The injured person sued Guenther, and recovered judgment. Guenther, having paid this judgment, brought an action against the Company on the insurance policy to recover the loss and expense incurred by him in the personal injury suit. This was removed to the Federal District Court for northern Ohio, where Guenther recovered judgment, which was affirmed by the Circuit Court of Appeals. 31 F.(2d) 919.
The sole question presented here is whether, under the terms of the policy, liability of the Company was excluded by reason of the municipal ordinance.
1. We think that within the plain meaning of the policy the operator of the automobile was 'under the age limit fixed' by the ordinance. Ture it is that the ordinance does not fix a general age limit for operators of automobiles. but as the ordinance makes it unlawful for the owner of an automobile to permit a minor under eighteen years of age to operate it, to say that when the owner permits a minor only seventeen years of age to operate it the operator is not 'under the age limit fixed' by the ordinance, would be merely sticking in the bark.
2. The fact that a State statute prohibits the employment of a child under sixteen years of age to operate an automobile [1] does not affect the validity of the city ordinance. Municipal corporations in Ohio are given 'special power to regulate the use of the streets, to be exercised in the manner provided by law,' and 'the care, supervision and control of public highways, streets,' etc. [2] Plainly, the general statute which merely forbids the employment of minors under sixteen teen years to operate automobiles, does not prevent the city, in the exercise of its delegated power to regulate the use of its streets, from prohibiting the operation of automobiles by minors under eighteen years of age. Such a regulation merely supplements locally the provision of the general statute and is not in conflict with it. Thus in Heidle v. Baldwin, 118 Ohio St. 375, 385, 161 N. E. 44, 58 A. L. R. 1186, the court held that a minicipality had the power to adopt regulations as to the use of its streets in addition to those imposed by a state statute, and sustained an ordinance imposing a more onerous obligation upon drivers at intersecting streets than that imposed by the statute.

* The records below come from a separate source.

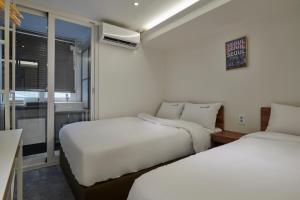 Postel nebo postele na pokoji v ubytování Eight Rest Hostel Myeongdong
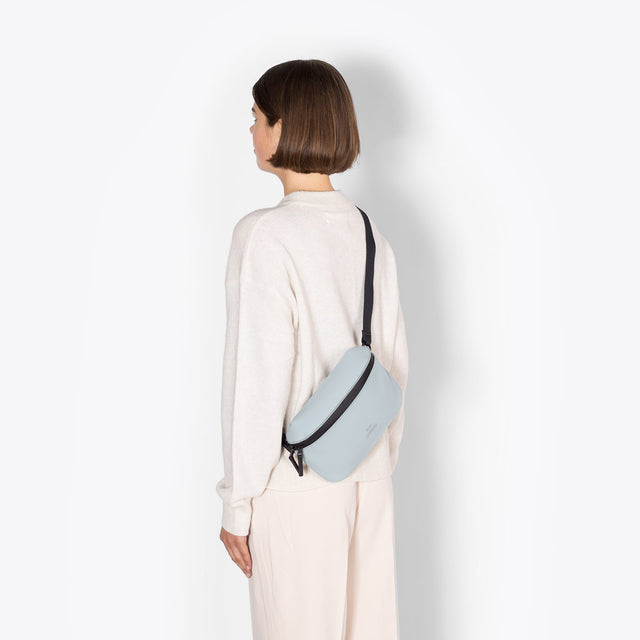 Jona(ヨナ) Large Bag / Lotus Infinity - Dusty Blue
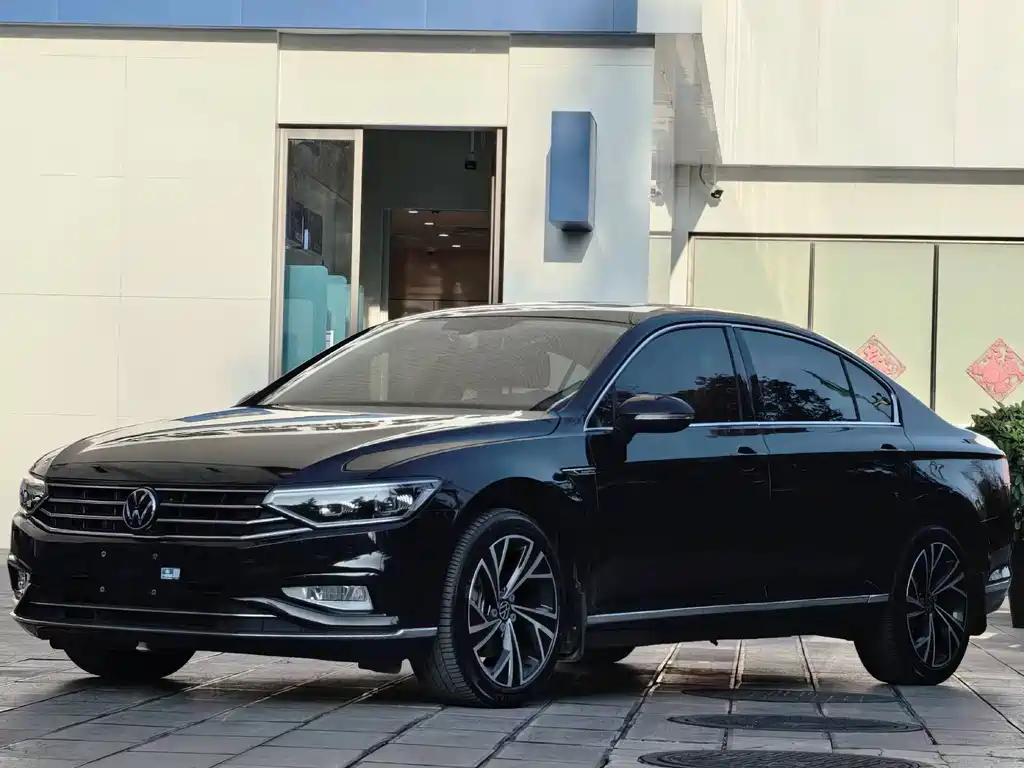 Купить Volkswagen Magotan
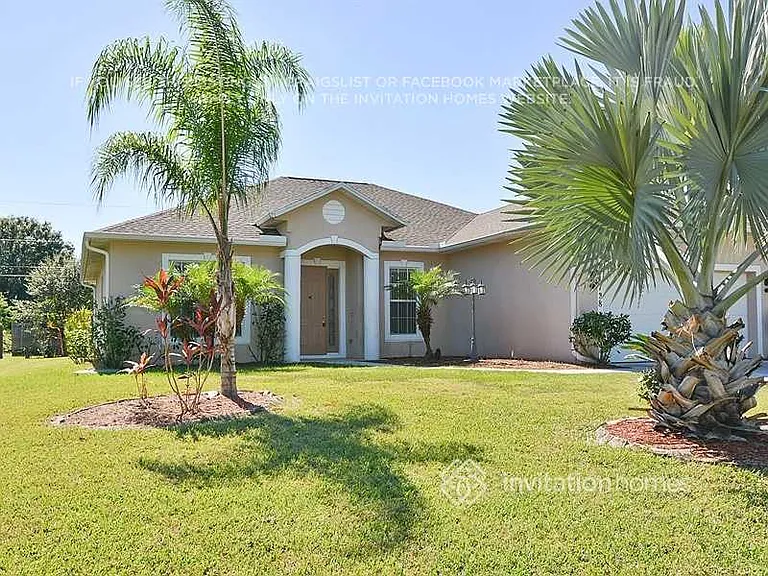 1738 SW Haylake Ave — Photo 2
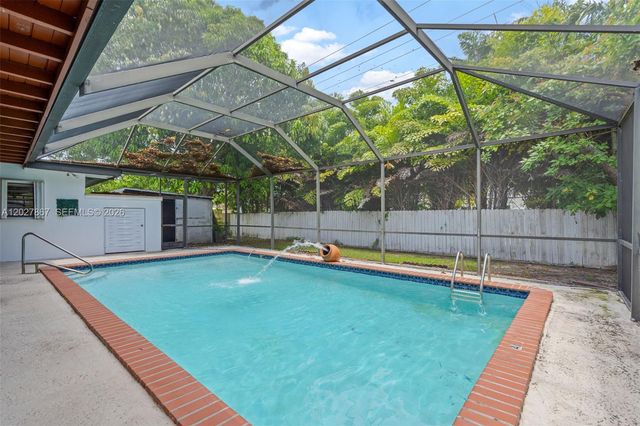 9110 Caribbean Blvd, Cutler Bay, FL 33157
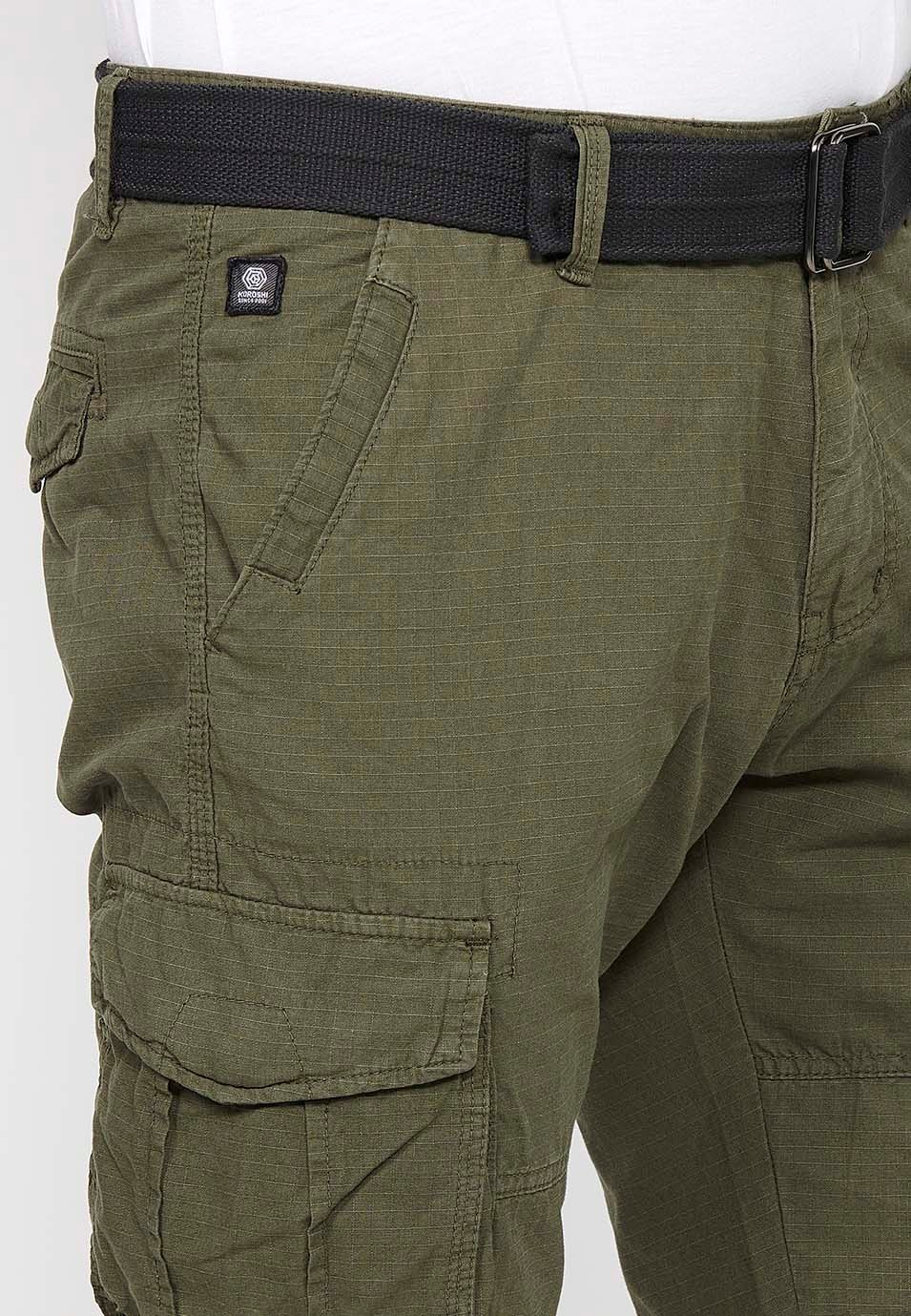 Short cargo en coton avec ceinture et fermeture avant avec fermeture éclair et bouton avec poches, deux poches arrière avec rabat et deux pantalons cargo verts pour Homme 9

3. This brings use to the question whether the age limit fixed by the municipal ordinance is one 'fixed by law' within the meaning of the policy.
In Imperial Fire Insurance Co. v. Coos County, 151 U.S. 452, 462, 14 S.C.t. 379, 381, 38 L. Ed. 231, this court said: 'It is settled * * * that, when an insurance contract is so drawn as to be ambiguous, or to require interpretation, or to be fairly susceptible of two different constructions, so that reasonably intelligent men, on reading the contract, would honestly differ as to the meaning thereof, that construction will be adopted which is most favorable to the insured. But the rule is equally well settled that contracts of insurance, like other contracts are to be construed according to the sense and meaning of the terms which the parties have used, and, if they are clear and unambiguous, their terms are to be taken and understood in their plain, ordinary, and popular sense.'
Applying that rule here, we think that when the words of the exclusion clause are taken in their ordinary meaning they are free from any ambiguity that requires them to be construed most strongly against the Company. The plain and evident purpose of the clause was to prevent the Company from being held liable for any accident occurring while by reason of the age of the operator the automobile was being operated in violation of law. To that end liability was excluded when the operator was under 'the age limit fixed by law.' This is not limited to the case where the age limit is fixed by 'a law,' a specific phrase frequently limited in a technical sense to a statute, which, to say the least, would have involved doubt as to whether a municipal ordinance was included. On the contrary the clause uses the broad phrase 'fixed by law,' in which the term 'law' is used in a generic sense, as meaning the rules of action or conduct duly prescribed by controlling authority, and having binding legal force; including valid municipal ordinance as well as statutes. Thus in the Matter of Mutual Life Insurance Co., 89 N. Y. 530, 531, 533, the court held that a street grade fixed and established by an ordinance of the city council, duly authorized thereto, was one 'fixed and established by law.'
We find no ambiguity in the phrase 'under the age limit fixed by law' contained in the exclusion clause of the policy; and think that by reason of the ordinance, liability on the part of the Company is precluded.
Reversed.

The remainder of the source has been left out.